広田雅将(本誌):取材・文 Text by Masayuki Hirota (Chronos-Japan)
往年のカリプソがもたらした新しい「アイコン」ウォッチ
スポーティーモデルの「アイコン」が絶好調のモーリス・ラクロア。2016年に発表された本作は、今や売上金額の半分を占める主力モデルとなった。同社らしい良質な作りと抑えた価格、そして一目で分かるデザインは、世界的な大ヒットをもたらした。企画したのは、同社を牽引するステファン・ワザーである。
1975年、スイス生まれ。HECローザンヌ大学を卒業後、タグ・ホイヤーに入社。以降、さまざまな会社でマーケティング職に就いた後、2008年にモーリス・ラクロア入社。インターナショナルマーケティングディレクターとしてブランドの知名度向上に寄与。14年7月から現職。ラインナップを整理したほか、新コレクションのアイコンをリリース。加えてサプライチェーンを刷新した。
「15年前から、何がモーリス・ラクロアの象徴になるかを模索していました。4年前にマーケットリサーチを行い、完成したのがこのアイコンです。強いデザインを持ったことが成功の一因でしょうね。それと、ラグジュアリースポーツウォッチのブームが続いていることも大きいですね」
かつてモーリス・ラクロアといえば、ユニークでニッチな機械式時計を作るメーカーという印象が強かった。

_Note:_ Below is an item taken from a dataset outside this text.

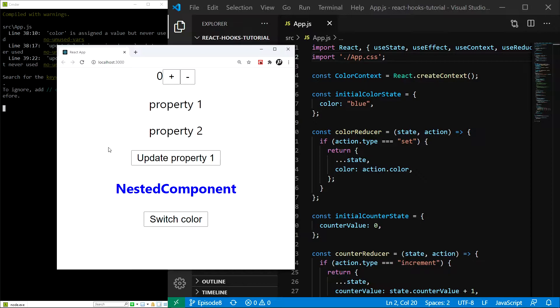The value is held in the current property. While this is the primary function of the useRef hook, you are probably familiar with refs as a way to access the DOM, and this is how we will use them in this tutorial.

しかし今や、エントリーからミドルレンジの価格帯におけるスポーティーウォッチメーカーの雄に変わった。同社が矢継ぎ早に、アイコンを拡充し続ける理由だ。
「30年前のモーリス・ラクロアは、魅力的な価格に特徴がありました。しかし、2010年前後に、高価格帯に集中しすぎてしまった。アイコンで意図したのは手が届く価格帯に戻すこと、でした」
その意図は成功したが、売り上げの半数がアイコンというのは問題ないのだろうか? 「フィフティ ファゾムス」に注力するブランパンでさえ、売上本数の3分の1しかないのである。「スポーツウォッチに依存する他社に比べるとまだまだ割合は低いと思います。モノプロダクトというレベルには達していません。また、モーリス・ラクロアのいるポジションで、アイコンの競争力は高いのです」
それはどういうことなのか?「同じ価格帯のメーカーも、やはりスポーツウォッチのブームに乗りたがっています。ですが、他社の多くはヘリテージを持っていない。一方、私たちにはカリプソがあり、それがアイコンのモチーフになった。だから強いんですね」
モーリス・ラクロアはすでに45年近い歴史を持っているのだ。併せて、同社は2年前からサプライチェーンを一新した。「モーリス・ラクロアのサプライチェーンは25年前と同じで、注文を予測して生産し、結果、在庫を積み上げていました。現在はT1、T2、品質管理のプロセスを見直すことで、注文を受けたら約20日で商品が届くようになっています」
3年前、筆者はモーリス・ラクロアが大グループを脅かすジャイアントキラーに化けるかもしれないと記した。今や同社は、最も注目すべきメーカーのひとつである。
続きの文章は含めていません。